### To do
Copy exactly the stretch of data below from the line with "Villa Cannes - picture 3" through the line with "Used 2025 Toyota RAV4 LE AWD/4WD image 20", including both of those lines.

### Dataset
§ §

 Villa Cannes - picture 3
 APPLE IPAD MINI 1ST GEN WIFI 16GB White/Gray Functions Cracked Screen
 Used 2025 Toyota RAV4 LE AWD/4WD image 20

§ §

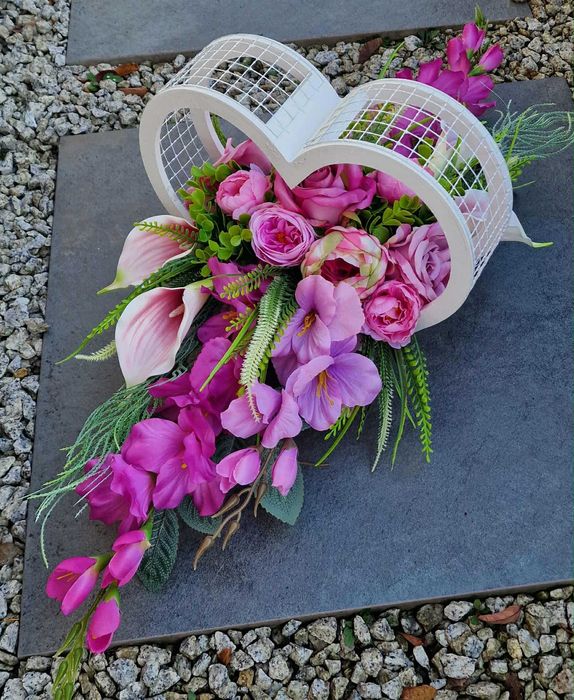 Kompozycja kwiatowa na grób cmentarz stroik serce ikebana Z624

§ §

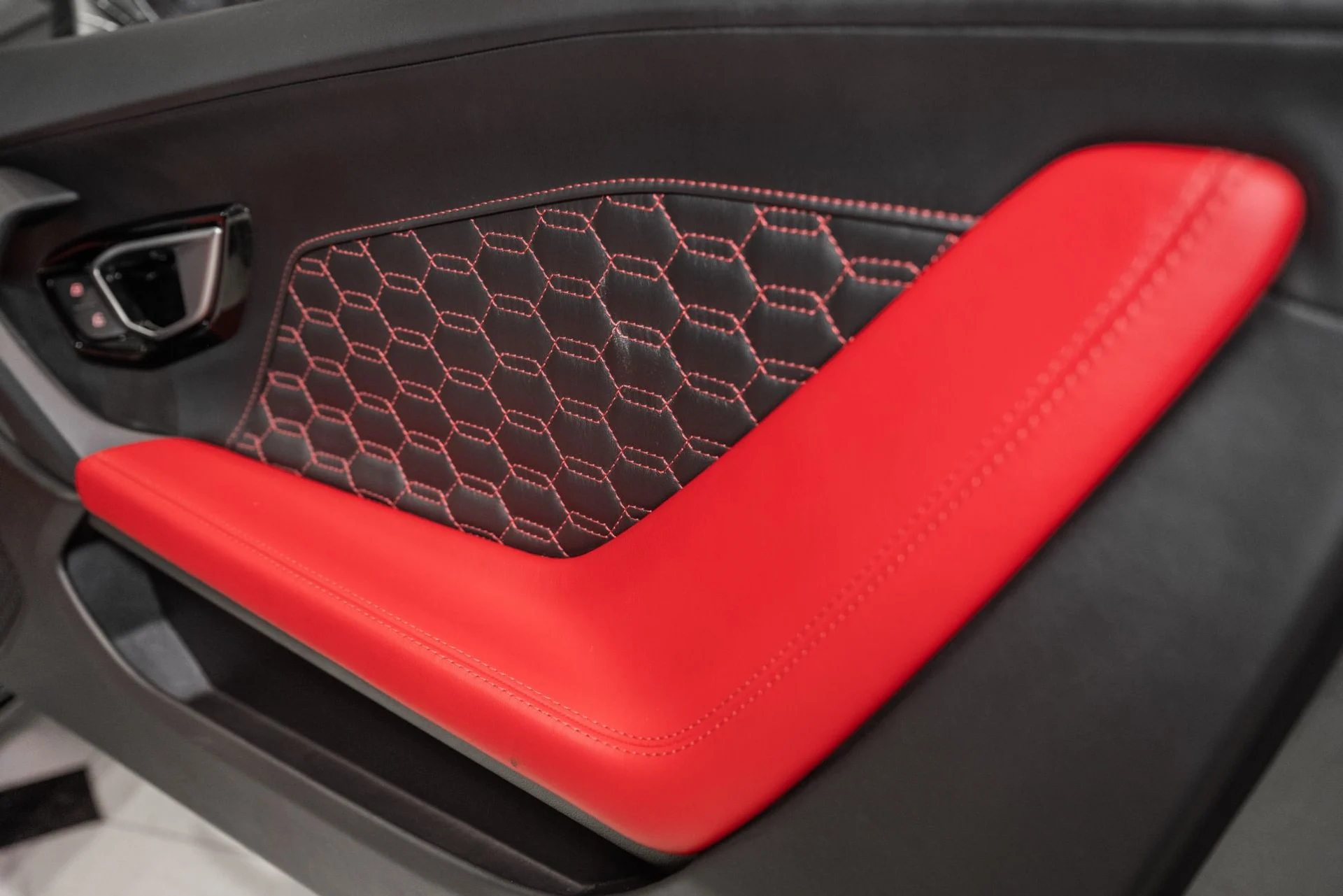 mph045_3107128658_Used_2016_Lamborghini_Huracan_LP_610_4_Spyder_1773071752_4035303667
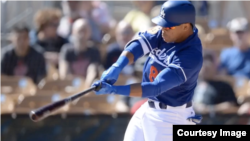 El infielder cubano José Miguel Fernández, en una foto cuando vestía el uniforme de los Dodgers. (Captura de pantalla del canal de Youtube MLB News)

§ §

### Response
 Villa Cannes - picture 3
 APPLE IPAD MINI 1ST GEN WIFI 16GB White/Gray Functions Cracked Screen
 Used 2025 Toyota RAV4 LE AWD/4WD image 20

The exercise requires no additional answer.